Research interests

Our current research foci are briefly introduced below. For further research interests, please see our publications.

Episodic memory

Episodic memory is the ability to remember past events or episodes. We are interested in the dimensionality of this ability and the underlying processes. Current models of episodic memory postulate the existence of two different processes (e.g., Brainerd et al., 1999; Mandler, 1980; Yonelinas, 1994). Such dual-process models appear necessary because a one-dimensional (or single-process) account of episodic memory data seems to be inadequate. In our research, we attempt to establish the dimensionality of the data, and we compare competing process models.

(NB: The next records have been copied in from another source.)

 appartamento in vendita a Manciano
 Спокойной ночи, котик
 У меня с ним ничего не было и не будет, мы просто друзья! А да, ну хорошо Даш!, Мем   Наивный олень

Brainerd, C. J., Reyna, V. F., & Mojardin, A. H. (1999). Conjoint recognition. Psychological Review, 106, 160–179. doi:10.1037/0033-295X.106.1.160

Mandler, G. (1980). Recognizing: The judgment of previous occurrence. Psychological Review, 87, 252–271. doi:10.1037/0033-295X.87.3.252

Yonelinas, A. P. (1994). Receiver-operating characteristics in recognition memory: Evidence for a dual-process model. Journal of Experimental Psychology: Learning, Memory, and Cognition, 20, 1341–1354. doi:10.1037/0278-7393.20.6.1341


Evaluative Conditioning

The evaluation of a neutral stimulus changes when it is paired with another (positive or negative) stimulus. This effect is called evaluative conditioning (EC). We investigate the role of conscious awareness in the generation of this effect: Does EC depend on participants’ awareness of the pairing, or can it occur without conscious awareness?

Hütter, M., Sweldens, S., Stahl, C., Unkelbach, C., & Klauer, K. C. (2012). Dissociating Contingency Awareness and Conditioned Attitudes: Evidence of Contingency-Unaware Evaluative Conditioning. Journal of Experimental Psychology: General, 141, 539-557.

Stahl, C., Unkelbach, C., & Corneille, O. (2009). On the respective contributions of awareness of US valence and US identity in valence acquisition through evaluative conditioning. Journal of Personality and Social Psychology, 97, 404-420.


Implicit Learning

Implicit learning refers to the non-conscious effects of prior information processing on subsequent behaviour (Cleeremans, 2009). While it is generally accepted that both implicit and explicit learning exist, there is ongoing debate what essentially is the difference of implicit (unconscious) versus explicit (conscious) processing, and how these processes could be adequately measured. Starting from a standard implicit learning paradigm, we investigate several behavioural measures of implicit and explicit memory.

Cleeremans, A. (2009). Implicit Learning and Implicit Memory. In W. P. Banks (Ed.), Encyclopedia of Consciousness (Vol. 1, pp. 369-381). Oxford: Elsevier.